Keaton had been in one key film prior to all this, "Lovers and Other Strangers" (1970), in which she was cute enough and good enough to attract the attention of both Allen and Francis Coppola (who also cast Richard Castellano for Clemenza based on HIS breakout performance in "Lovers and Other Strangers," with the now-forgotten catchphrase, "What's the story?")
The 70's were starved for female stars. Streisand and Fonda were very picky; Faye Dunaway ended up cast in everything,and Candice Bergen got the roles even Dunaway wouldn't take.
But Diane Keaton was right there with them.
Problem was, Woody "co-opted" her for awhile: "Sleeper," "Love and Death," and climactically, "Annie Hall."
Keaton won a well-deserved Oscar for Annie Hall,a character evidently based by Allen ON Keaton,from wacky mannish clothes to flibbergibbet talking pattern to Orange County WASP roots.
Keaton did a few more movies with Allen, and then did what Annie Hall did to him: dumped him. Allen shifted Mia Farrow into the Keaton slot, and fans wondered if Keaton would follow the ex-Mrs. Neil Simon (Marsha Mason) into obscurity.
Nope...Warren Beatty was waiting in the wings.
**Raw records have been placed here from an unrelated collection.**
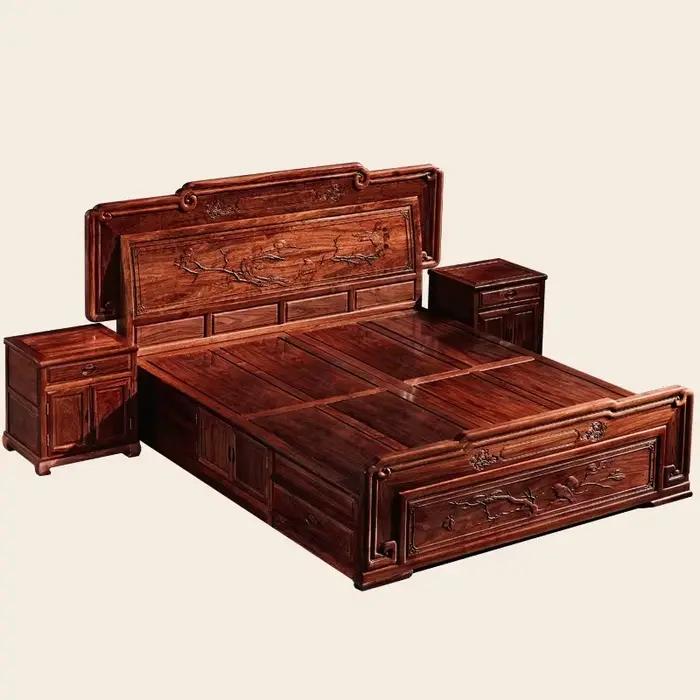 Têtes de lit en bois, Têtes de lit double, Lit plateforme moderne flottant de style japonais, Lit double au sol, Letto Matrimoniale, Meubles tendance
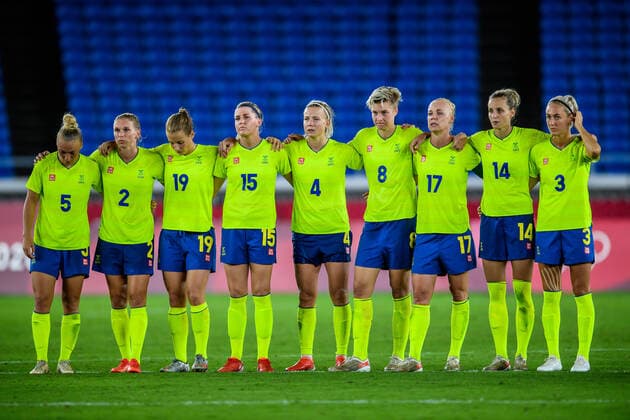 210806 Hanna Bennison, Jonna Andersson, Anna Anvegard, Olivia Schough, Hanna Glas, Lina Hurtig, Caroline Seger, Nathalie Björn and Emma Kullberg of Sweden during a penalty shoot out in the womens football final during day 14 of the Tokyo 2020 Olympic Games on August 6, 2021 in Tokyo Photo Carl Sandin IMAGE BODY code CS DS0190 football football soccer football olympic games olympics os ol olympic games olympic games tokyo2020 tokyo 2020 tokyo os tokyo ol bbeng sweden sweden canada canada final,  Copyright: CARLxSANDIN BB210806CS080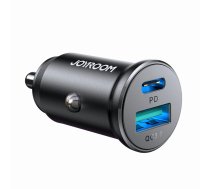 Joyroom JR-CCN05 30W USB-A USB-C mini car charger - black | Joyroom JR-CCN05 30W A+C mini Metal Car Charger  | 6941237112064 | Joyroom JR-CCN05 30W A+C mini Metal Car Charger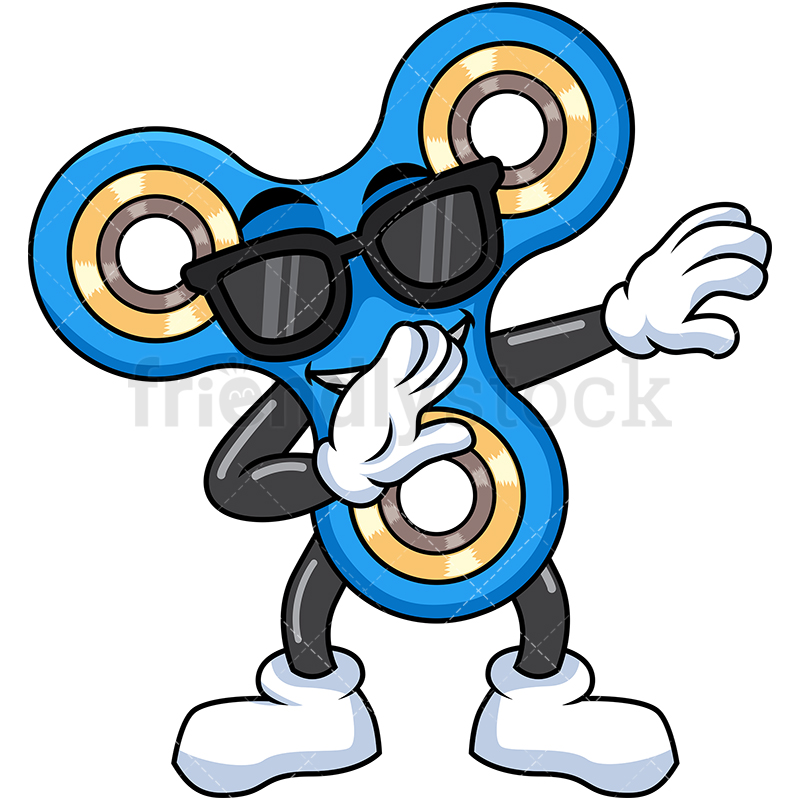 800x800 Dabbing Fidget Spinner Cartoon Vector Clipart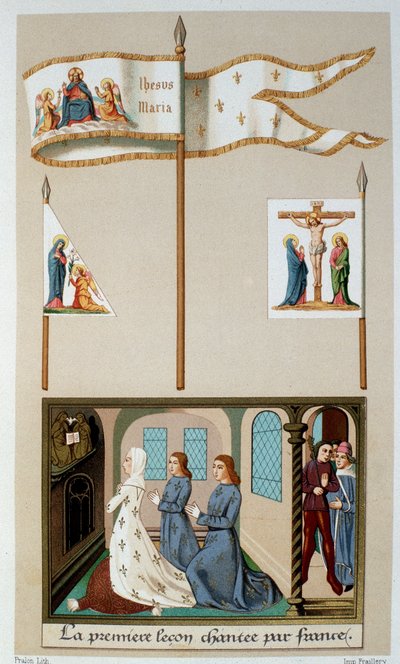 Insignie Johanky z Arku a alegorie Francie v modlitbě - v „“ Jeanne d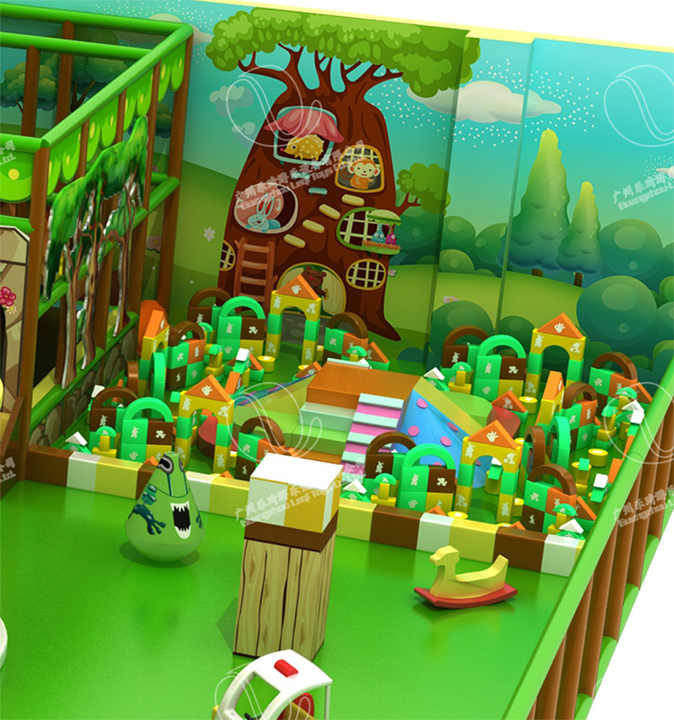 高品质创新丛林主题儿童游戏屋大型室内游乐场设备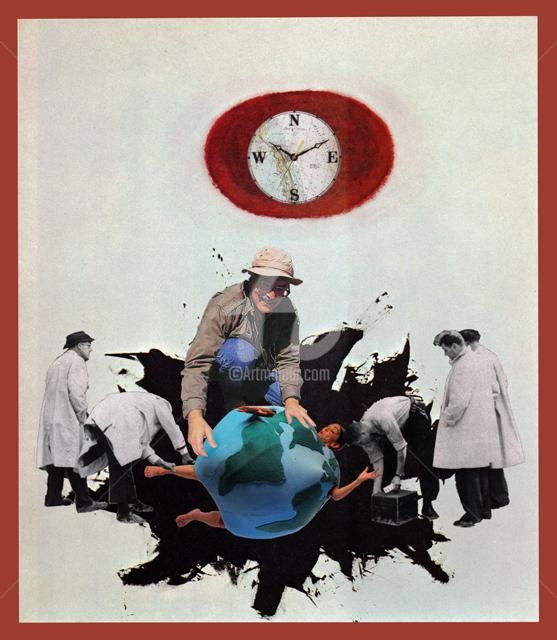 Collages intitulée "earth day year one" par C Avery, Œuvre d'art originale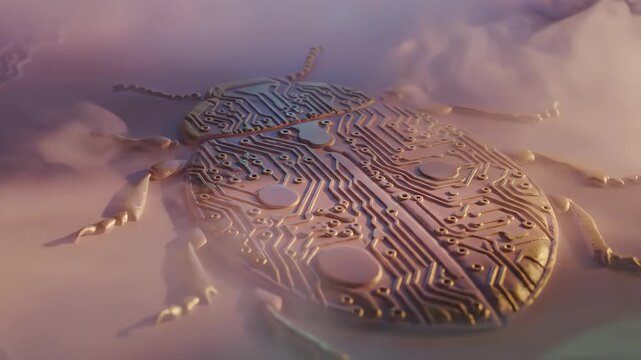 Abstract Digital Beetle with Circuitry Pattern Rising from a Mysterious Nebula of Fog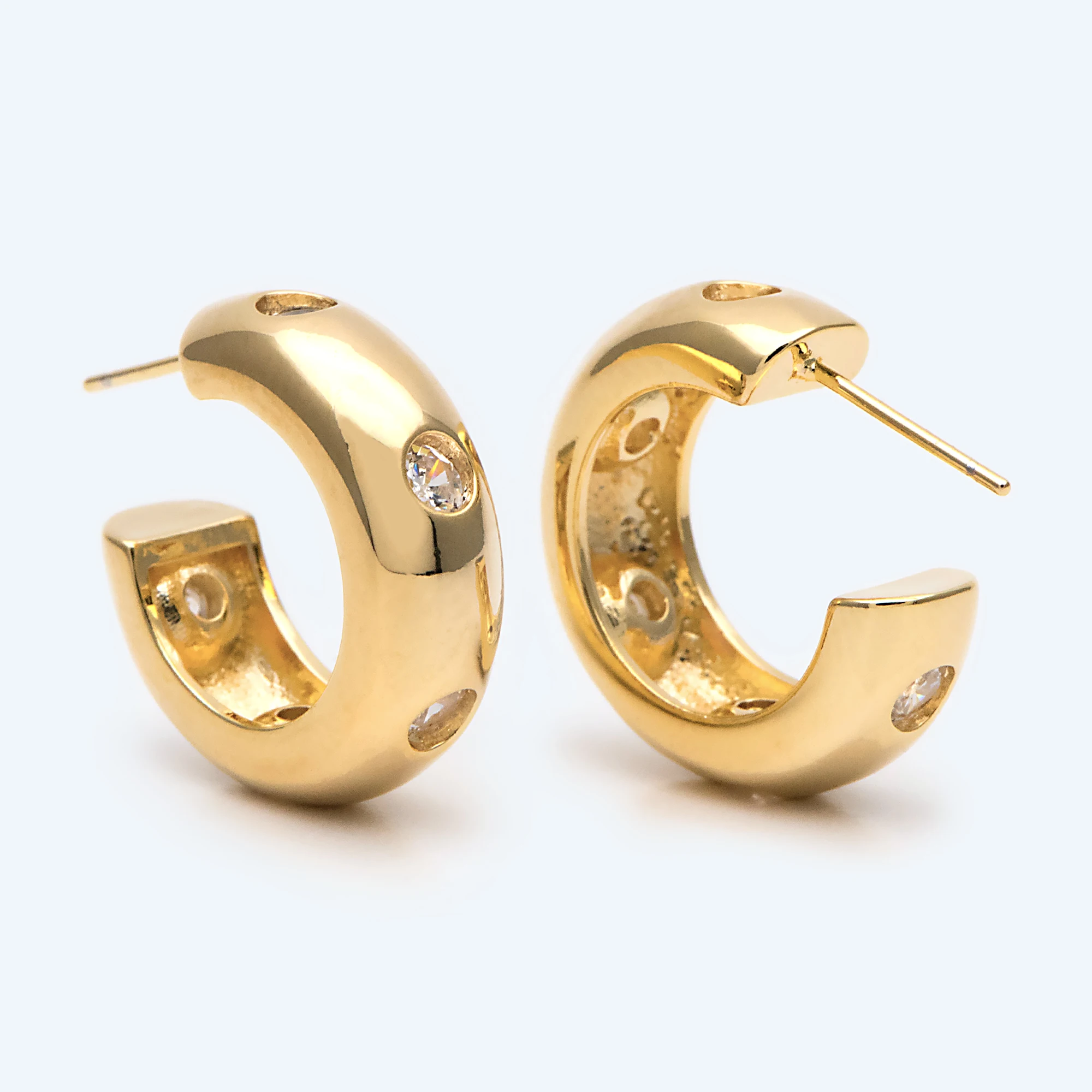 

Круглые серьги-кольца с фианитами, позолоченные латунные, геометрические серьги-гвоздики, 4 шт.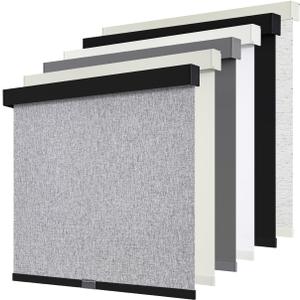 Cordless Blackout Roller Shades Blinds for Windows Free-Stop,Pull Down Room Darkening with Valance,Thermal Insulated Woven Fabric Window Door Blinds for Home,Office,Heather Grey 20" W x 72" H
Beatty gave Keaton a few years of romance (Keaton seemed to become instantly more sexual and more intellectual in Beatty's presence) and a great movie called "Reds" (in which Keaton REALLY sizzled with a trim, sexy Jack Nicholson for a short bit of storyline.)
Beatty ended and Keaton began the long journey to "mature actress-hood", holding on and hanging in there until she arrived at the comfortable paycheck land of "lovely mother roles" -- principally "Father of the Bride" and the dramatic ones, about good sisters and other mothers, or whatever.
I think what's most funny about Diane Keaton was seeing the "Annie Hall" persona disappear almost entirely after Beatty and maturity came along. In retrospect, the Annie Hall performance looks like a beautiful bit of fakery -- not unlike Goldie Hawn's giggling ditz schtick on "Laugh-In", which just disappeared one day (happens with men too -- remember how Steve Martin suddenly WASN'T the wild and crazy guy anymore?)
I liked Keaton in that movie a few years back where she played the most successful and together of three adult sisters, the other two being Meg Ryan and Lisa Kudrow (their father,improbably was Old Walter Matthau, dying on screen in his last role before dying in real life.) Keaton quite successfully projected SUCCESS, and the centered life she's seemed to have for all these years.
Rather like her "husband," Steve Martin, Diane Keaton seems to have decided to take "paycheck movies" that pay for her other more artistic pursuits. Good for her.
Though she certainly did wonders for the cause of mature women everywhere with her sex scene with the now not-so-trim Jack Nicholson in "Somethings Gotta Give as Good as it Gets" or whatever it was called. "Reds" far behind them, these Golden Oldsters got it on, and it was pleasurable to behold, even if the movie wasn't, so much.
Nice career for a gal who started off in a track suit with body odor.
P.S. On the downside, I never thought Keaton really had the "gravitas" for "The Godfathers." She was OK in the first one, playing a gal who needed to be a bit naive to fall for Michael Corleone, but the later editions required some heavy acting chops from Keaton that she didn't really have. (Her reading of the line "This Sicilian THING must end!" was...well, you know.) Here, perhaps, she lucked out from being the best available choice for the role at the time, but not really right for where the role would have to go.